Во второй день конференции был представлен издаваемый санкт-петербургским Центром независимых социологических исследований выходящий трижды в год журнал «LABORATORIUM», который уделяет основное внимание качественным методам и сравнительной социологии, но привечает и представителей других социальных наук. Этот журнал представляет собой новую международную площадку для дискуссий и публикаций результатов эмпирической работы, где уже были представлены многие участники завершившейся конференции.
[1] Познакомиться с общей методологической повесткой и конкретными векторами исследований можно в обзоре Питера Берка «Историческая антропология и новая культурная история» (НЛО. 2005. № 75).
[2] Ушакин СА. Патриотизм отчаяния: нация, война и утрата в России (Культура и общество после социализма). Ithaca: Cornell University Press, 2009. C. 299.

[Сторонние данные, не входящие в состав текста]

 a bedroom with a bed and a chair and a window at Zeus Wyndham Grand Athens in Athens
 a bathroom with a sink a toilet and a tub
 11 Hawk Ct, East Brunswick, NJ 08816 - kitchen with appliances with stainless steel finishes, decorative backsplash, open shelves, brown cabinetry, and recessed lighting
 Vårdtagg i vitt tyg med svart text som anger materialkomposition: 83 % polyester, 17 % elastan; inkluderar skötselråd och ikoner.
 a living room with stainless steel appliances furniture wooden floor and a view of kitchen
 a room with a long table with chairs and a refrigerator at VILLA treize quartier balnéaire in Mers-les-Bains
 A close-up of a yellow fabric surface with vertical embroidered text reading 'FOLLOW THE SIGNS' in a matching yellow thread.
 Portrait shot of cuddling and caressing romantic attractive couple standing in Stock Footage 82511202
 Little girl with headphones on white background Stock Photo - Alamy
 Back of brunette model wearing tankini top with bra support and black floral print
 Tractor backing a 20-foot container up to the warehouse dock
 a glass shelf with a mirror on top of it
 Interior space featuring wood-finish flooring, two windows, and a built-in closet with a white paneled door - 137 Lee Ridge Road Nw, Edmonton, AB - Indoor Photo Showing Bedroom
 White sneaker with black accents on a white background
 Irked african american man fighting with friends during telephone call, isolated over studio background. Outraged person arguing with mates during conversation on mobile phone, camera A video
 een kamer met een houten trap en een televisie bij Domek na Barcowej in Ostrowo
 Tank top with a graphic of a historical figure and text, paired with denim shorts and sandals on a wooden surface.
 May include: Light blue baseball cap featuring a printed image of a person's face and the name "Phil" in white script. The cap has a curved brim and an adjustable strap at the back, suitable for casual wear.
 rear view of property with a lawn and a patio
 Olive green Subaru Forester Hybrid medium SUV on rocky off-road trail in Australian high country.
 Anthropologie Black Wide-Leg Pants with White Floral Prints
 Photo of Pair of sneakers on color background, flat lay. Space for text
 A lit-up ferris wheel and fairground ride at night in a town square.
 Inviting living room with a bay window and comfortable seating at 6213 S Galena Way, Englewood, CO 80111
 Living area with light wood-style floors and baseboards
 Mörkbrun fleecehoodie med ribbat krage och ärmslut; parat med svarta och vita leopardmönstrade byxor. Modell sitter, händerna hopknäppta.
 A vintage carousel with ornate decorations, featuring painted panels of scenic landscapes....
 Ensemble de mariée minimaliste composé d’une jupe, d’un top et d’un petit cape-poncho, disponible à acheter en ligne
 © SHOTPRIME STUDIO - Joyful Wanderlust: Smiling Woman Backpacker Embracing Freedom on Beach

[3] Нора П. Проблематика мест памяти // П. Нора, М. Озуф, Ж. де Пюмиеж. Франция-память. М.: Винок; СПб.: Изд- во СПбГУ, 1999. С. 26.
[4] В то же время существовал Днепропетровский государственный университет, готовивший специалистов по проектированию сверхсекретной ракетной техники и потому подчиненный напрямую московскому, а не республиканскому министерству образования, что создавало большие возможности для маневра на идеологическом поле. В частности, преподаватели ДГУ могли печатать свои работы в собственном издательстве, а не через громоздкую систему издательства «Высшая школа», чем в полной мере воспользовался Н.П. Ковальский, заведовавший кафедрой источниковедения и историографии в 1978—1994 годах и превративший ее в известный всему Союзу центр источниковедения истории Украины XV—XVII веков, нередко называемый «школой Ковальского».
[5] «Чувства» (1968, реж. А. Дауса, А. Грикявичюс), «Геркус Ман- тас» (1972, реж. М. Гедрис), «Омут» (2009, реж. Г. Лукшас).